I have been describing hypothetical problem-solvers both as if they were generally like us but with important differences, and as if they could have mental lives that are unimaginably alien in unimaginable fundamental ways. In an exercise like this we don’t want to rule out either, but the choice between them does face us with a very basic problem. The simple formulation of Lockhart’s problem is expressed in terms that humans use to describe humans. “Folk psychology” as philosophers call it, the lore of beliefs, desires, questions, explanations, intentions, and so on. It is pretty uncontroversial that this gives us a fragmentary and unreliable hold on what we do and why we do it. It is almost as uncontroversial that it is the best hold we have for on the spot use given the evidence available to us in everyday life. Assuming that all this is right, it would seem a great and implausible leap to take folk-psychological terms to apply to other intelligent creatures, such as our descendants in 5 million years’ time. But without this vocabulary we may not even be able to formulate the questions that we started with. “Think”, “ask”, “explain”, “understand” are all terms we contemporary humans have devised to explain the actions and experiences, and facilitate the interactions, of members of our particular species.
The problem is not that these are concepts made by human beings so we should be wary of applying them beyond human experience. “Species”, or “space-time” or “human” are human concepts, and we should not hesitate to apply them wherever we can. The problem is that these are concepts designed specifically to account for human behaviour and experience, and to mediate in human dealings with other humans, so we should be more than cautious in assuming that they have any hold on other creatures, particularly more capable ones. The worry intensifies if we take a functionalist approach to the meaning of these terms and do not think of them as describing, one by one, features of what we feel and how we act. Instead, on a functionalist account, they do their descriptive and explanatory work as a whole, via the folk-psychological theories that bring them together and help them apply to data.

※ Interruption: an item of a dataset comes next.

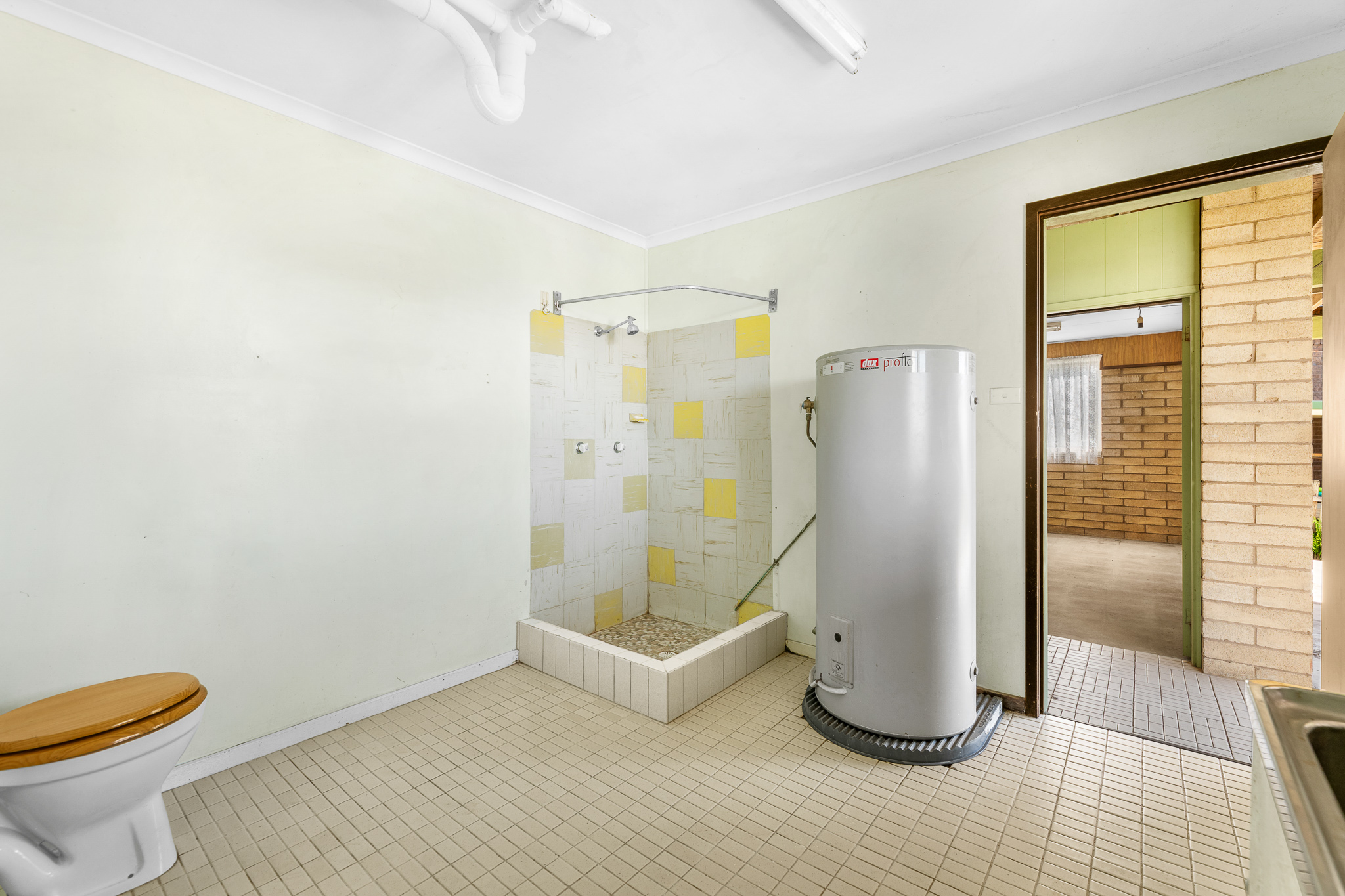 28 Sunset Boulevard, Kianga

The problem is insuperable, I believe, if we focus on the not very profound terms that we humans use to describe other humans’ internal mental states and the ways we represent the environment. But it is more manageable if we shift our attention to the environmental factors that are thus represented and influenced. A fact or event, such as the impending death of the individual or a change in its probability of having offspring, can be represented to various degrees of accuracy by ants, dogs, children, us, or our eventual descendants. And two facts or events can be represented differently or not by this range of creatures, as measured most simply by the possibility of a differential reaction to them. Two possible situations are indistinguishable for a creature if the creature is incapable of reacting to one in a way that it does not react to the other. And some situations, which the individual may or may not be capable of distinguishing from others, pose objective problems for individuals and species, problems of survival and flourishing.
So put it this way. One creature has more answering power than another when it can find ways out of many problems that the other cannot. (So humans may be incapable of finding a way out the problem of reconciling material advancement with the survival of the planet. Other creatures – equipped with greater intellects or lesser ambition – may handle this problem better than we do.) This characteristic obviously applies to a species’ overall capacities, rather than making sense for single accomplishments: stones do better than people at surviving long periods of time without damaging their environment, but stones are not very good problem-solvers.

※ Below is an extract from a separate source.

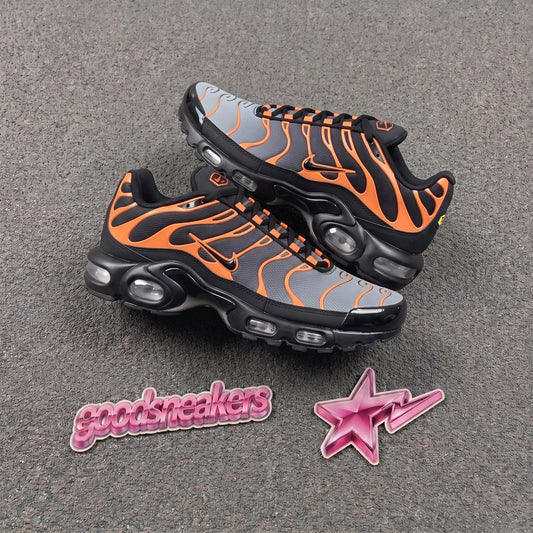 Nike Air Max Plus - Black Team Orange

The other side of the issue, problem-asking capacity, needs a less direct response. The idea is to generalise the power to ask questions and identify problems so that it is not tied to the use of language. That is a tough one: these capacities seem so conceptual. The solution I shall adopt is to look past the conceptual means to a central function that we use these means for. That function is, as hinted, that of discriminating one possibility from another. Some examples.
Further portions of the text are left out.